Snellville police make plea for off-duty officers to carry at all times

One metro-area police department is making a public plea for all off-duty officers to carry their weapons.

It also asks legal gun owners to ramp up their training.

Snellville police Capt. Greg Perry posted the urgent plea on the department’s Facebook page after this week’s horrific mass shooting in California.

Police officers - please carry your firearm off-duty...we are so fortunate to receive the training to protect others and...

Posted by Snellville Police Department on Thursday, December 3, 2015

“You do have to have your guard up,” he said. “It's just something we have to be prepared for."

Perry's post urged all police officers in Snellville and beyond: "Please carry your firearm off-duty."

"Officers probably would have liked to relax a little bit when they're off duty, but it's just to point now that if you are out in public, you always have to be aware of your surroundings and what's going on,” he said.

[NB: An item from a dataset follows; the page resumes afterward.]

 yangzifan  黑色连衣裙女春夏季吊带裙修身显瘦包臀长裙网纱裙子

He says officers need to be prepared to protect themselves and protect others at all times.

"I think they should. If something goes down, I want you to use it,” said Snellville resident Jacklyn Madden.

Others weren’t quite as excited by the idea.

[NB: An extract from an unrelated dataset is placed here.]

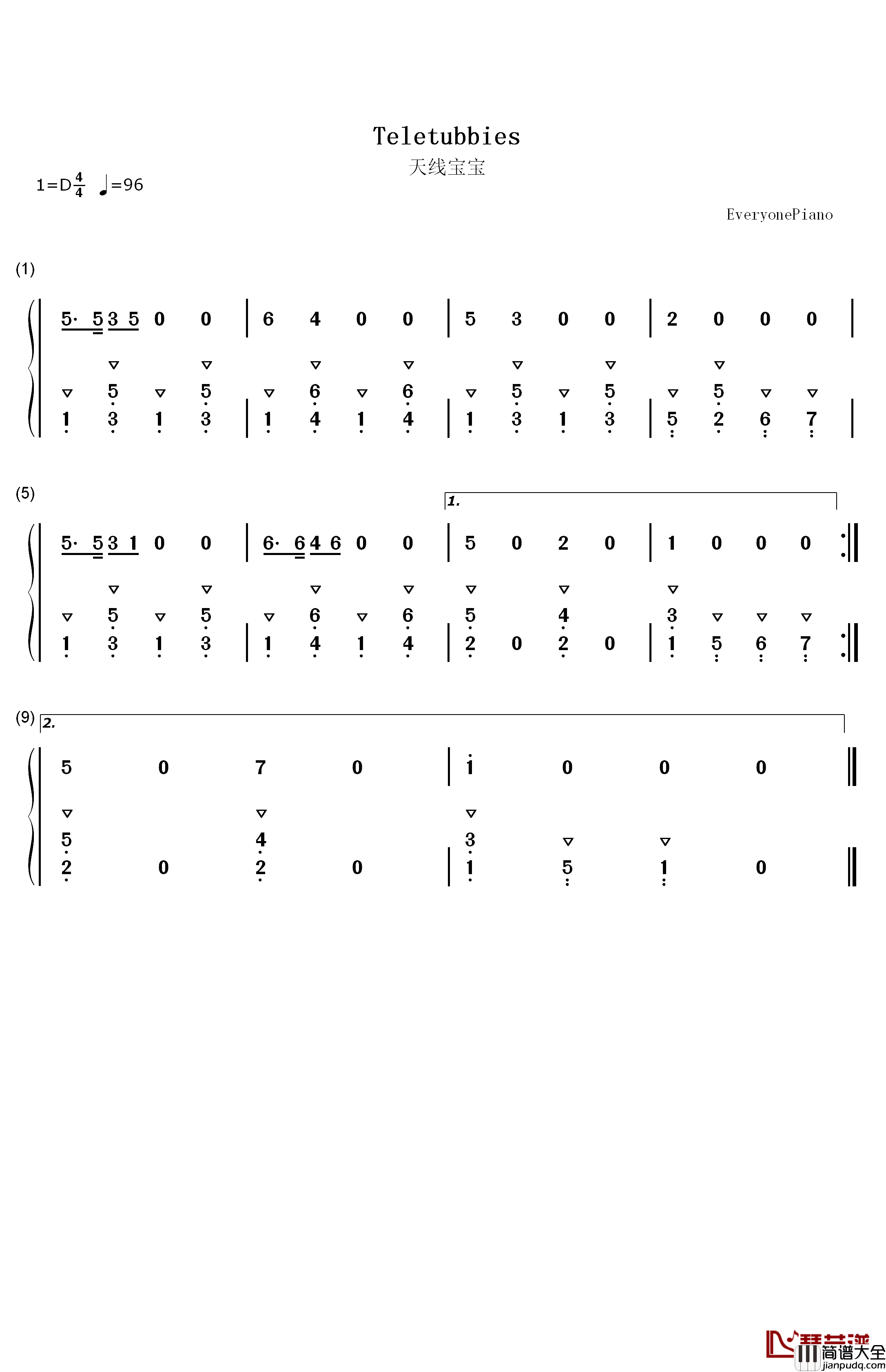 天线宝宝钢琴简谱_数字双手_未知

"People feel intimidated, you know, by that kind of stuff, so I don't think that would be necessary,” Sylvia Eder said.

But with more than 800 likes, the post also asks "legal gun carry folks- - please learn to carry safely, so you can protect yourself and your fellow citizens."

"Think about their training as far as how they shoot, going to the range, getting professional instruction,” Perry said.

New mom Stephanie Smith said she thinks it’s good advice given the recent mass shootings.

"For the safety of other people. I mean, I want people to carry and to help keep our community safe, but you got to know how to use your weapon,” Smith said.

Perry says he still expects officers to follow their training and department policy on- or off-duty.  As for the public who may find themselves in life-threatening situations, Perry says it's always best to look for a way out first, but ultimately, it's a judgement call to take whatever steps are necessary to protect themselves.